Podczas drugiej części czwartkowej konferencji prasowej Pani Prezes oraz trener Araszkiewicz ustosunkowali się do gry zespołu w meczu z Olimpia Grudziądz i mówili o nadziejach związanych z niedzielnym spotkaniem z Ruchem Radzionków.

 

Po kontuzji Tomka Magdziarza czuję się niemal tak, jakby ktoś wyrwał mi serce. To walczak, prawdziwy kapitan i czuję że jego brak może być dla nas sporą stratą. Wczoraj w meczu z Olimpią stworzyliśmy sobie masę sytuacji, ale w niewytłumaczalny sposób nie potrafiliśmy ich wykorzystać. To zastanawiające, że mimo niemal czterdziestki na karku Piotr Reiss stwarza największe zagrożenie pod bramką rywali, razem z Pawłem Picelukiem który zasłużył na pochwałę. Nie wiem już, co mogę o tym wszystkim mówić. Dziś przez całą noc nie mogłem zmrużyć oka… Podczas treningów taktycznych wszystko jest ok, w szatni pełne skupienie, ale potem wychodzimy na boisko a mi pozostaje przecierać oczy ze zdumienia.
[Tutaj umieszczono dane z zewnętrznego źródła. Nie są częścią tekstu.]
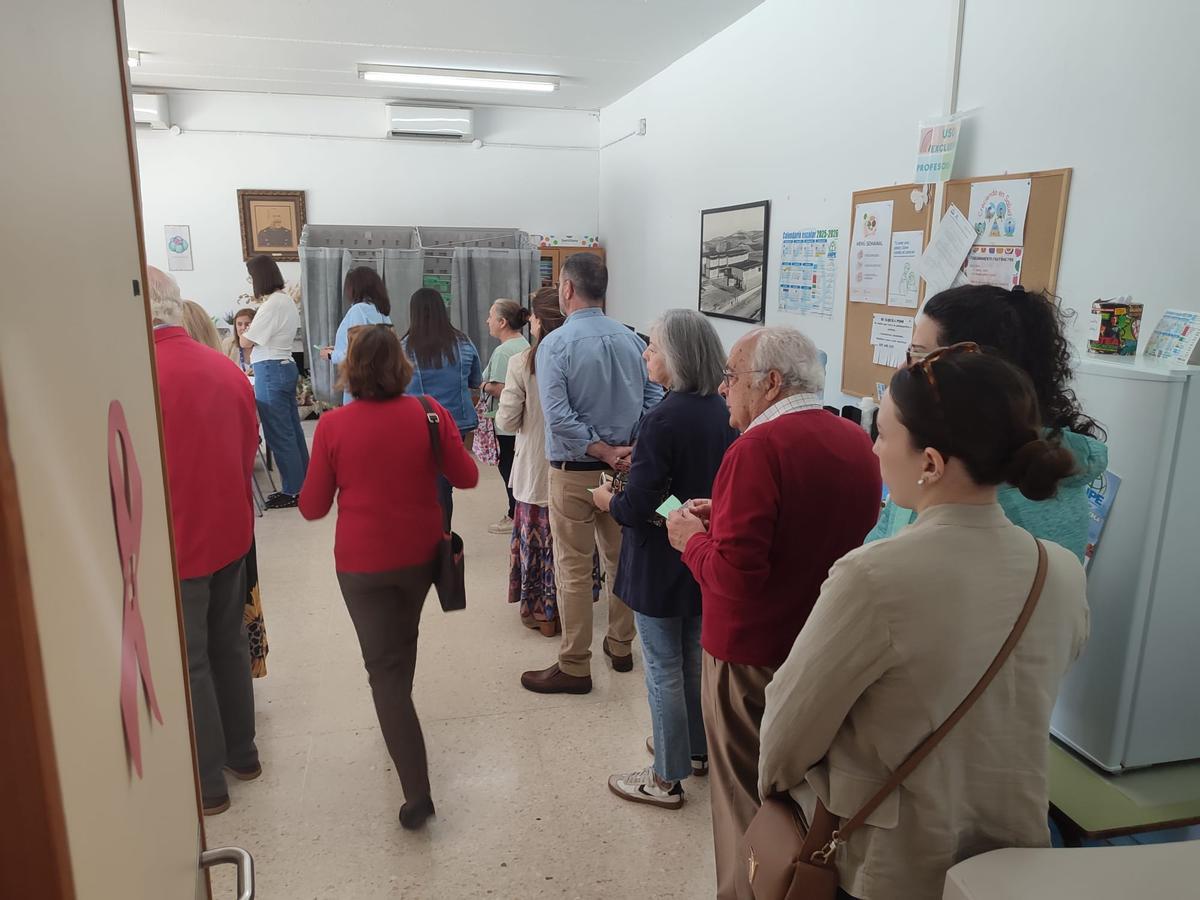 Cola de votantes a mediodía en uno de los colegios electorales de Baena.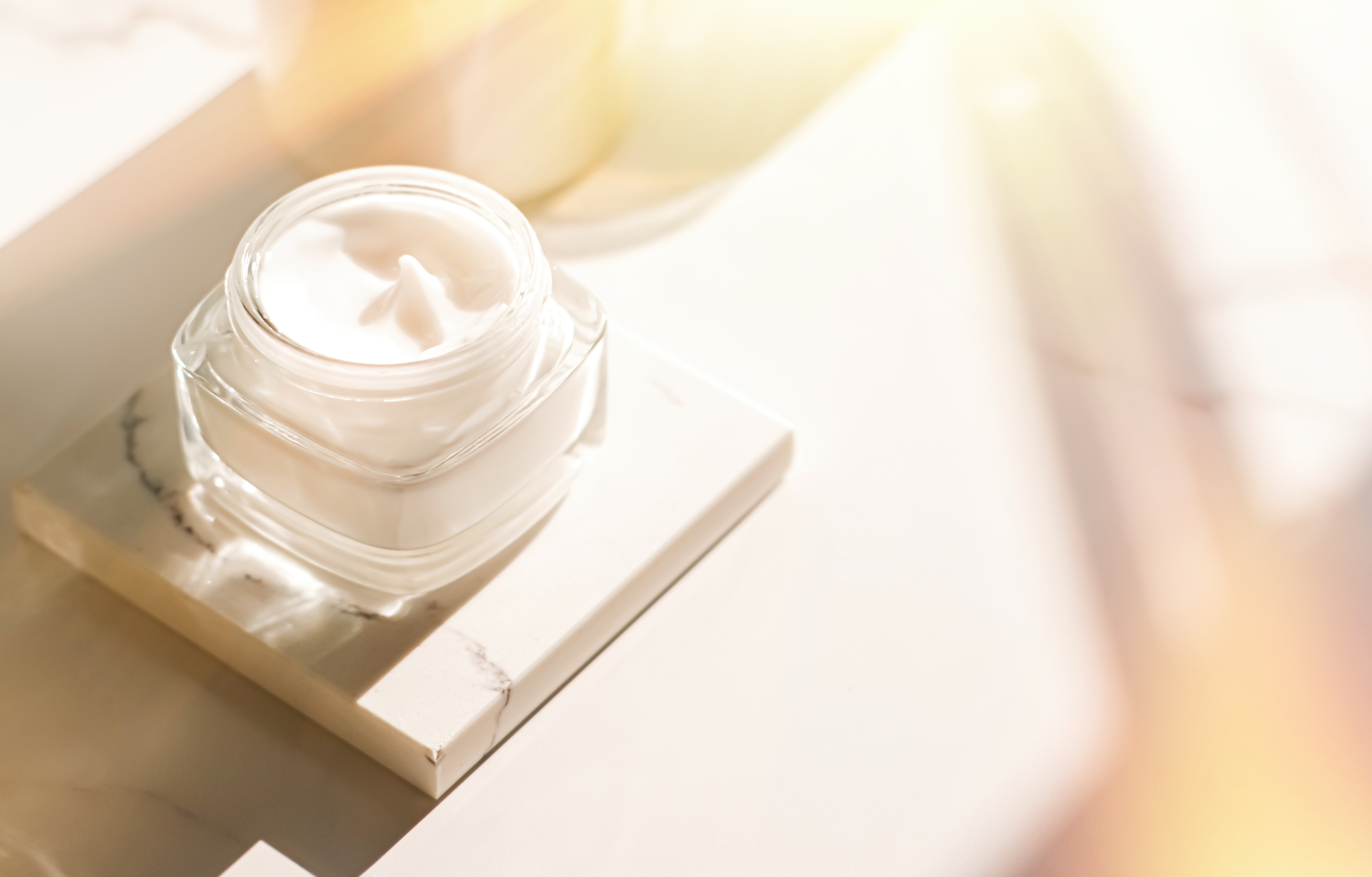 乳液とクリームの違いとは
Musimy zacząć odnosić zwycięstwa, żeby nie musieć patrzeć na rywali ze strefy spadkowej. Mecz z Ruchem Radzionków będzie dla nas meczem prawdy – mówił trener Araszkiewicz.

 

Nasza gra to jakiś dramat. Nie wiem z czego to wynika. Nie mogłam już stworzyć lepszych warunków do pracy naszym zawodnikom, mają w Warcie spory komfort, mogą skupić się tylko na odnoszeniu zwycięstw. Liczę, że uda się je wywalczyć w niedzielę. To demotywujące, że niezależnie od stanu klubowych finansów, Warta rok w rok walczy zaledwie o utrzymanie – mówiła Pani Prezes Łukomska-Pyżalska.